Predicting the Indian Premier League

Predicting the Indian Premier League

Overview

The Indian Premier League (IPL) is an annual Twenty20 cricket competition that takes place each year during April and May. In 2018, 8 teams competed over 60 matches with the tournament won by the Chennai Super Kings. This article look at data to see if we can predict the outcome of a given match. The specific data used is all matches taking place between the 2008 (inaugural season) and 2016 season inclusive. The two files used are:

  • Match data including details of the teams playing in each match, who won the toss, match result and venue. (577 rows)
  • Ball by ball data containing details of each ball bowled in each match including the batsman, bowler, number of runs scored, how they were scored and the dismissal information if the ball resulted in a wicket. (136,598 rows)

Initial Analysis

The first task undertaken was to sort the ball by ball data in to a more meaningful format. This involved recreating the batting and bowling statistics for each match and ensuring that these figures matched those on the official match scoreboards.

We can do some interesting analysis such as average runs scored (total runs / total times out) and strike rate (100 x runs scored / balls faced) and plot this by batting position.

This chart shows average runs decrease by batting position. This makes sense as you typically top-load the innings with your best batsmen. Interestingly the strike rate is very similar for batsmen 1-7 decreasing from batsman no. 8 onwards.

We can also look at how runs, wicket, 4s and 6s vary by over.

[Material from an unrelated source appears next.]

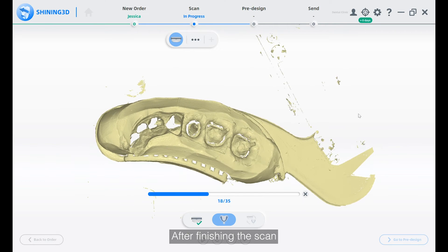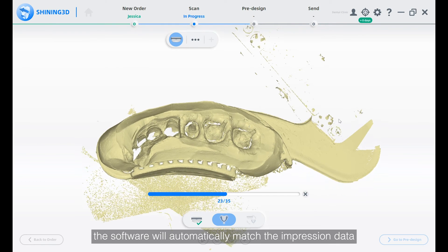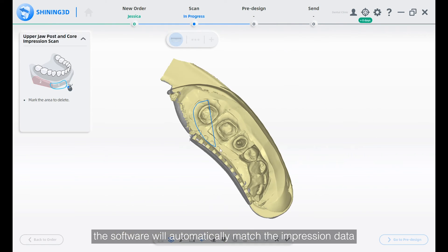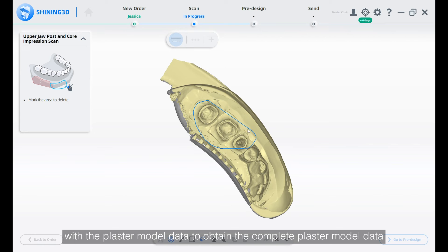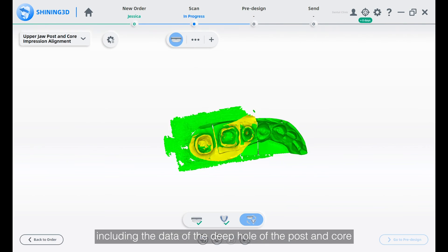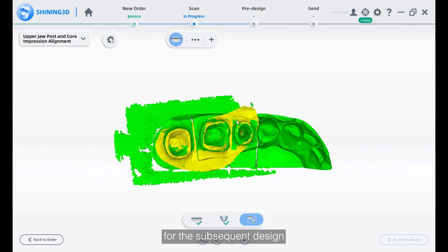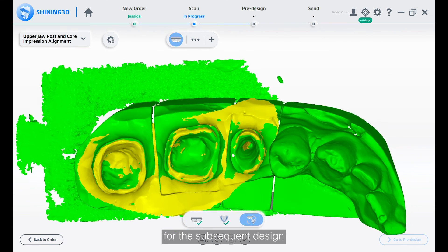After finishing the scan, the software will automatically match the impression data with the plaster model data to obtain the complete plaster model data, including the data of the deep hole of the post and core for the subsequent design.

We can clearly see the effects of the power play during the first 6 overs where only 2 fielders are allowed outside the inner circle. 4s are more likely to be scored here than during any other period of the innings. The average runs scored increases until over 6 before dropping and steadily increasing again until the end of the innings. By the end of the innings, you are nearly as likely to see a 6 scored as to see a 4 scored with a better than evens chance of seeing a wicket or a 6 during the final over of the innings.

Player Statistics

For each player, I decided to look at 10 different statistics that I had found suggested elsewhere; 5 for batting performance and 5 for bowling performance. These were:

Batting

  • Hard Hitter - [No. of runs scored off 4s and 6s] / [No. of balls faced]
  • Finisher - [No. of times out] / [No. of times batted]
  • Fast Scorer - [Total Runs Scored] / [No. of balls faced] (equivalent to Strike Rate)
  • Consistency - [Total Runs Scored] / [No. of Innings Out] (equivalent to Batting Average)
  • Running Between Wickets - [No. of runs not scored from boundaries] / [No. of balls faced with no boundaries hit]

Bowling

  • Economy - [Runs conceded] / [No. of Overs Bowled]
  • Wicket Taker - [No. of Balls Bowled] / [No. of Wickets Taken]
  • Consistency - [No. of Runs Conceded] / [No. of Wickets Taken]
  • Big Wicket Taker - [No. of times 4 or more wickets taken] / [No. of Innings Played]
  • Short Performance - [No. of wickets taken in innings when taking less than 4 wickets] / [No. of Innings played where taking less than 4 wickets]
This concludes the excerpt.